🤖 AI Summary
High-resolution ground subsidence exhibits strong nonlinearity and long-range spatiotemporal dependencies, which challenge existing unimodal models (e.g., ConvLSTM) in achieving accurate modeling. To address this, we propose a multimodal spatiotemporal Transformer framework that, for the first time, jointly encodes dynamic InSAR displacement sequences with static physical priors—including geological and hydrological parameters—via a unified spatiotemporal attention mechanism. This design overcomes the inherent limitations of unimodal paradigms and significantly enhances long-term temporal dependency modeling. Evaluated on the EGMS benchmark dataset, our method reduces RMSE for long-horizon forecasting by an order of magnitude compared to state-of-the-art approaches such as STGCN and STAEformer, achieving internationally competitive performance.
📝 Abstract
Forecasting high-resolution land subsidence is a critical yet challenging task due to its complex, non-linear dynamics. While standard architectures like ConvLSTM often fail to model long-range dependencies, we argue that a more fundamental limitation of prior work lies in the uni-modal data paradigm.
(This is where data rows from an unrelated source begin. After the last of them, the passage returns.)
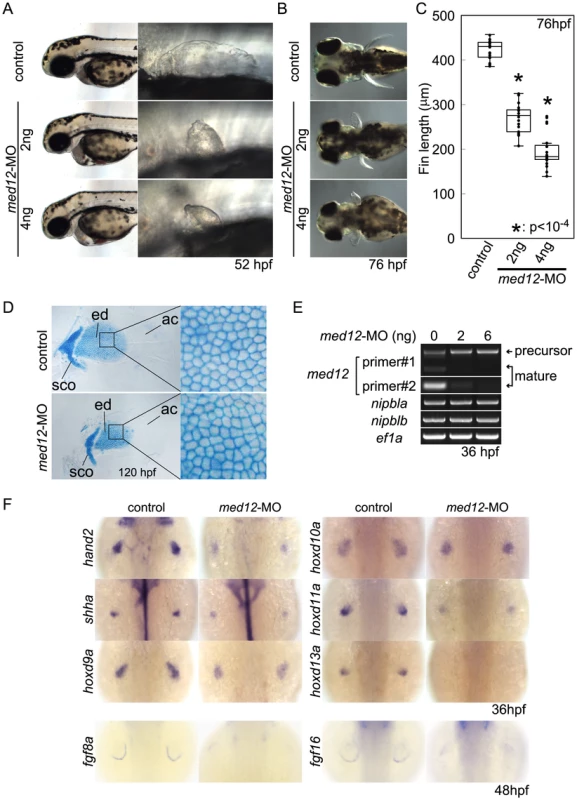Med12 depletion disrupts pectoral fin morphology and gene expression similar to Nipbl depletion.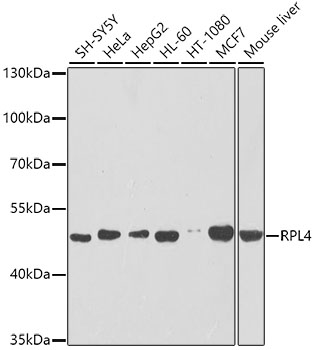 Western blot analysis of extracts of various cell lines using RPL4 Polyclonal Antibody at dilution of 1:1000.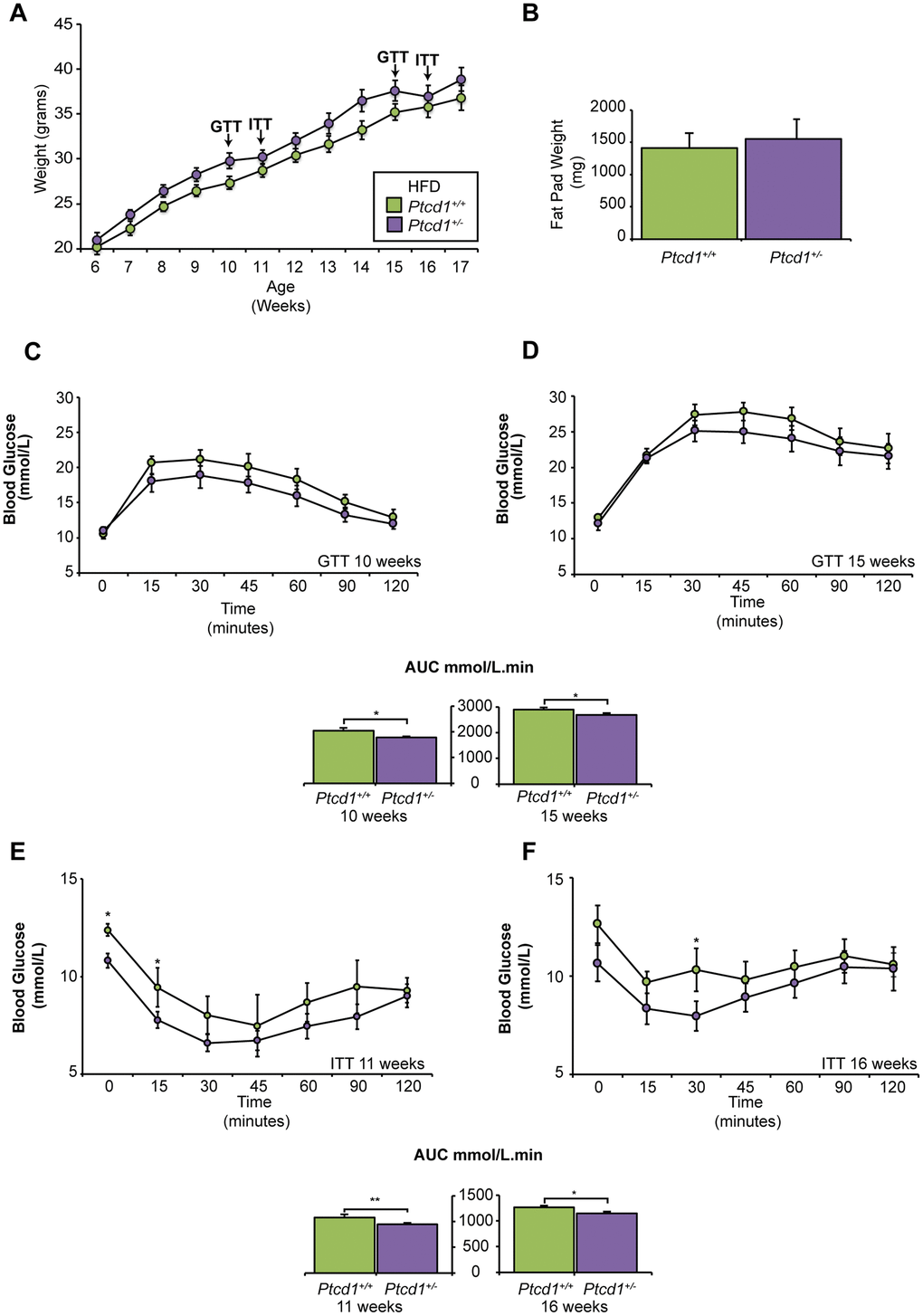 The effects of high fat diet on mice with reduced mitochondrial protein synthesis. (A) Weight gain in grams from 12 weeks of HFD feeding between Ptcd1+/+ (n=10) and Ptcd1+/- (n=10) mice (B) Weight of intra-abdominal epididymal fat pads in grams for 17-week-old Ptcd1+/+ (n=5) and Ptcd1+/- (n=5) mice fed a HFD. (C, D) Glucose tolerance in 10- and 15-week-old Ptcd1+/+ (n=10) and Ptcd1+/- (n=10) mice. Quantitative values are area under the curve (AUC) ± SEM. *P E, F) Insulin sensitivity in 11- and 16-week-old Ptcd1+/+ (n=10) and Ptcd1+/- (n=10) mice. Quantitative values are area under the curve (AUC) ± SEM. *P 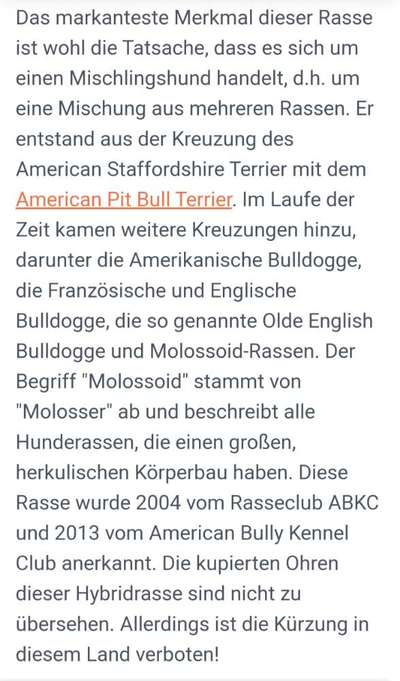 Hund wurde weggenommen weil er als gefährlich eingestuft wurde-Beitrag-Bild
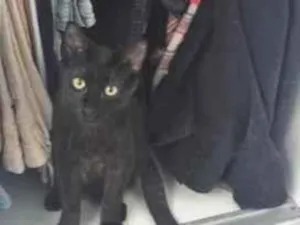 Gato raça SRD-ViraLata idade 7 a 11 meses nome Chapisco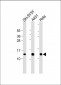 TXN Antibody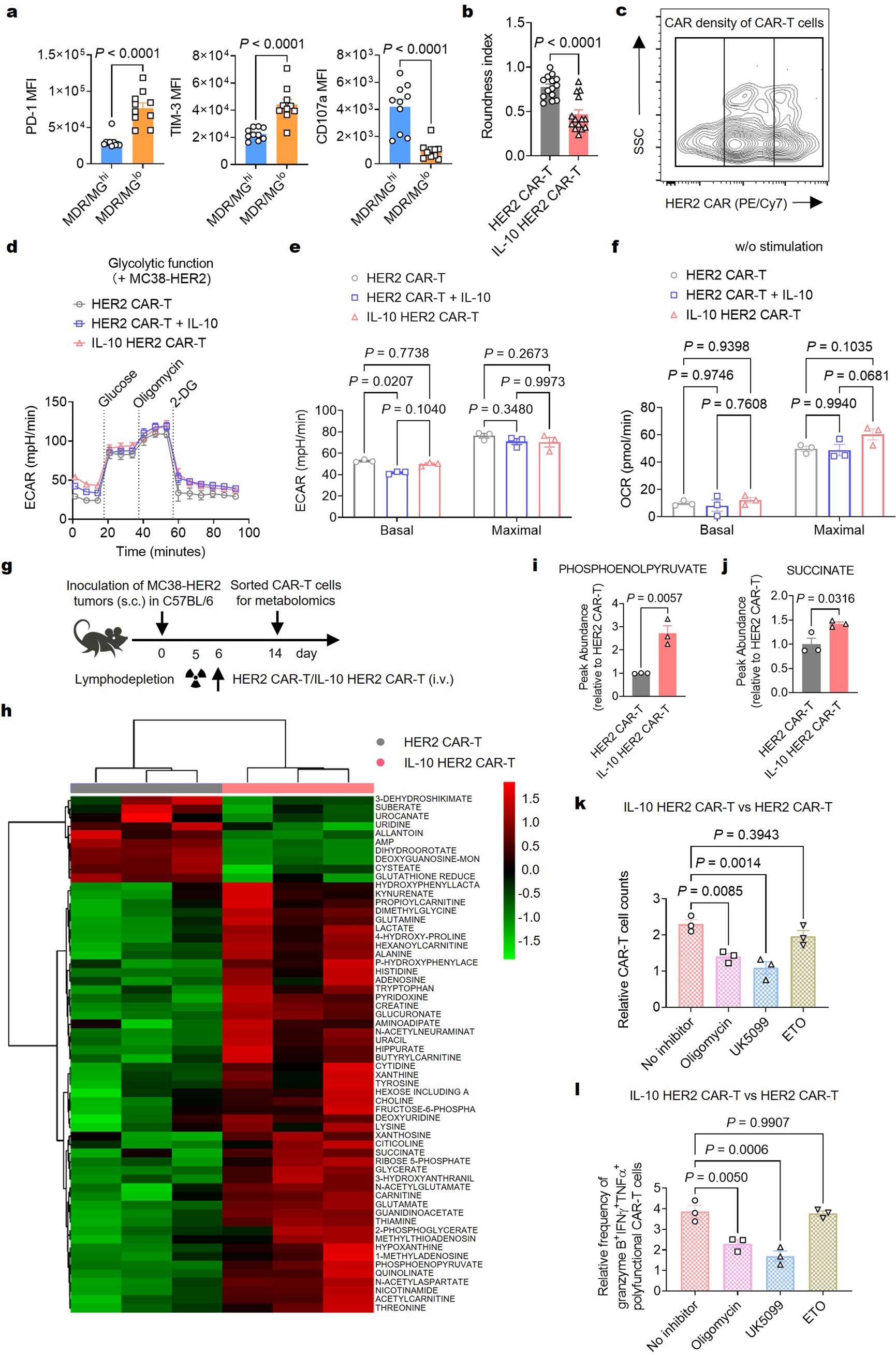 Extended Data Fig. 4: IL-10 expression improved mitochondrial fitness and increased the levels of pyruvate production intermediates and TCA cycle intermediates in CAR-T cells.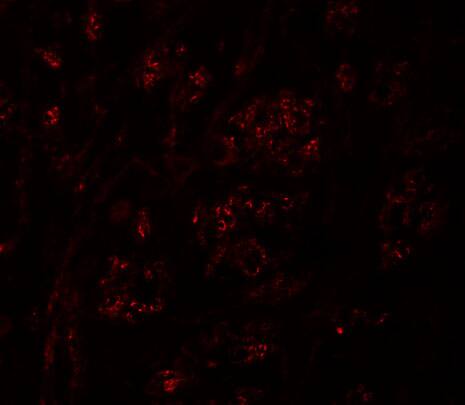 GSAP Antibody - BSA Free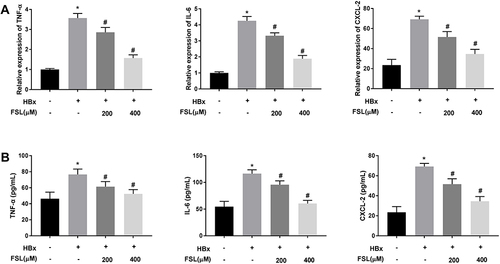 Figure 4 Decreased PAR2 represses inflammation responses in HBx overexpressed LO2 cells. (A) The mRNA expression of TNF-α, IL-6, and CXCL-2 in LO2 cells under different treatments was detected by qRT-PCR. (B) The protein level of TNF-α, IL-6, and CXCL-2 in LO2 cells under different treatments was measured by ELISA. *P < 0.05 vs the HBx(-) + FSL(-) group. #P < 0.05 vs the HBx(+) + FSL(-) group. The experiments were performed in triplicate.
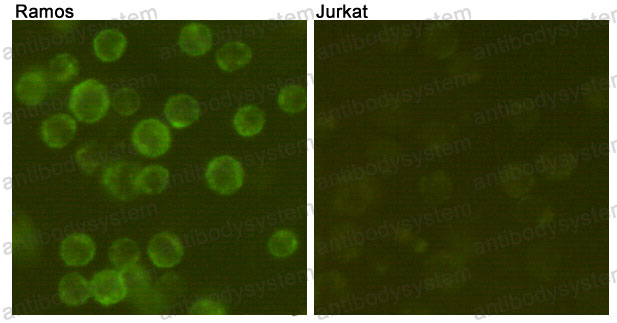 Валидация IF - AntibodySystem RHD10807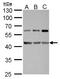 Terminal Nucleotidyltransferase 5C antibody, GTX120834, GeneTex, Western Blot image 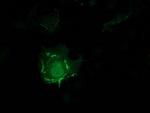 PDLIM2 Antibody in Immunocytochemistry (ICC/IF)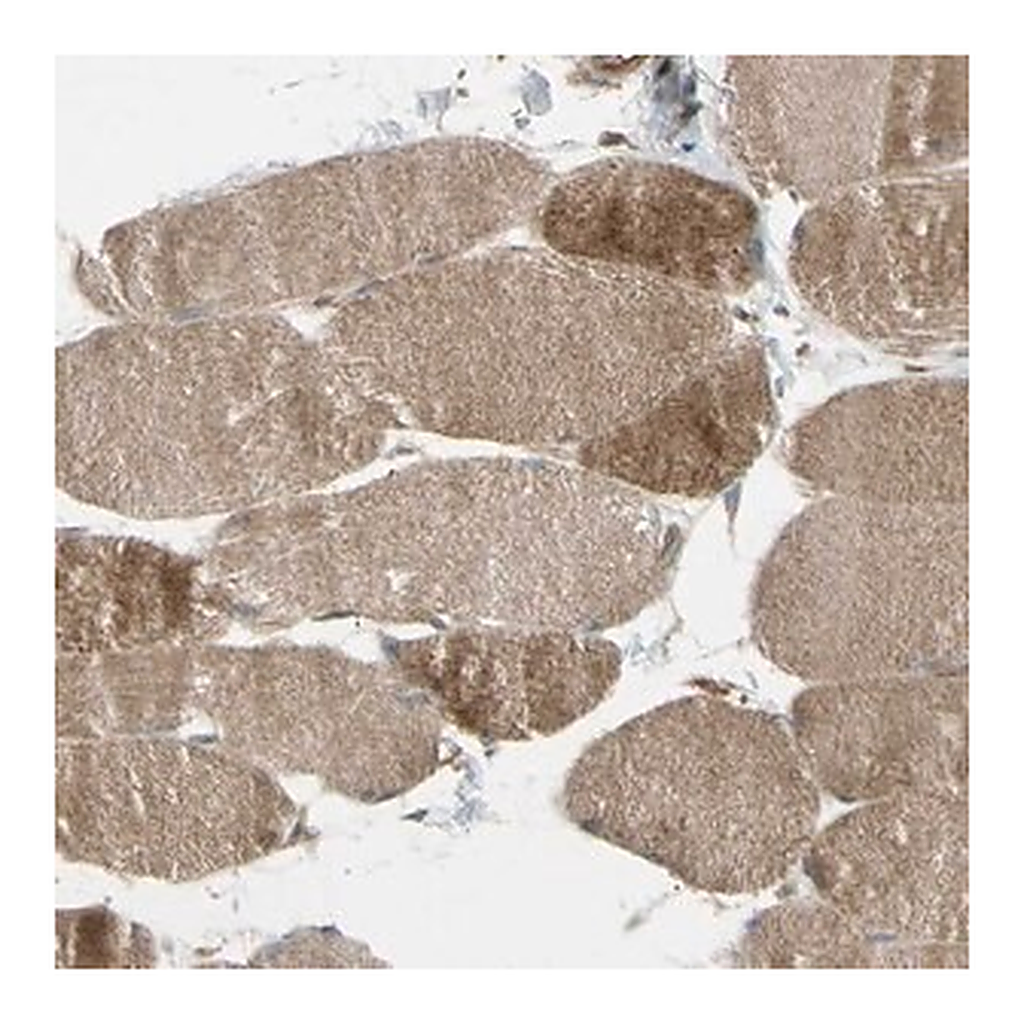 Merck Anti-FLII antibody produced in rabbit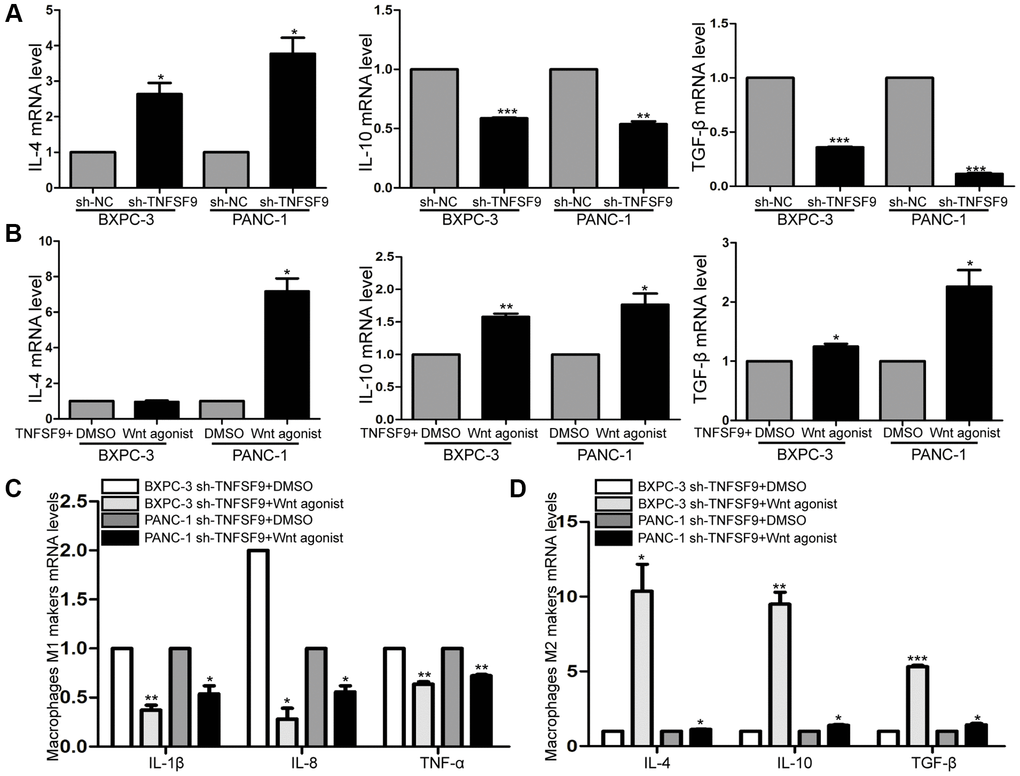 TNFSF9 activates Wnt signal to promote M2 polarization of macrophages. (A) The mRNA expression levels of IL-10 and TGF-β in TNFSF9 knockdown pancreatic cancer cells were decreased, and the mRNA expression levels of IL-4 were increased. (B) After adding Wnt agonist, the mRNA expression level of IL-10 and TGF-β increased. (C) After adding Wnt agonist, pancreatic cancer cells that knock down TNFSF9 reduce the mRNA levels of M1 markers (IL-1β, IL-8 and TNF-α) in macrophages. (D) After adding Wnt agonist, pancreatic cancer cells that knock down TNFSF9 increase the mRNA levels of M2 markers (IL-4, IL-10 and TGF-β) in macrophages. *P **P ***P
To address this, we propose the Multi-Modal Spatio-Temporal Transformer (MM-STT), a novel framework that fuses dynamic displacement data with static physical priors. Its core innovation is a joint spatio-temporal attention mechanism that processes all multi-modal features in a unified manner. On the public EGMS dataset, MM-STT establishes a new state-of-the-art, reducing the long-range forecast RMSE by an order of magnitude compared to all baselines, including SOTA methods like STGCN and STAEformer. Our results demonstrate that for this class of problems, an architecture's inherent capacity for deep multi-modal fusion is paramount for achieving transformative performance.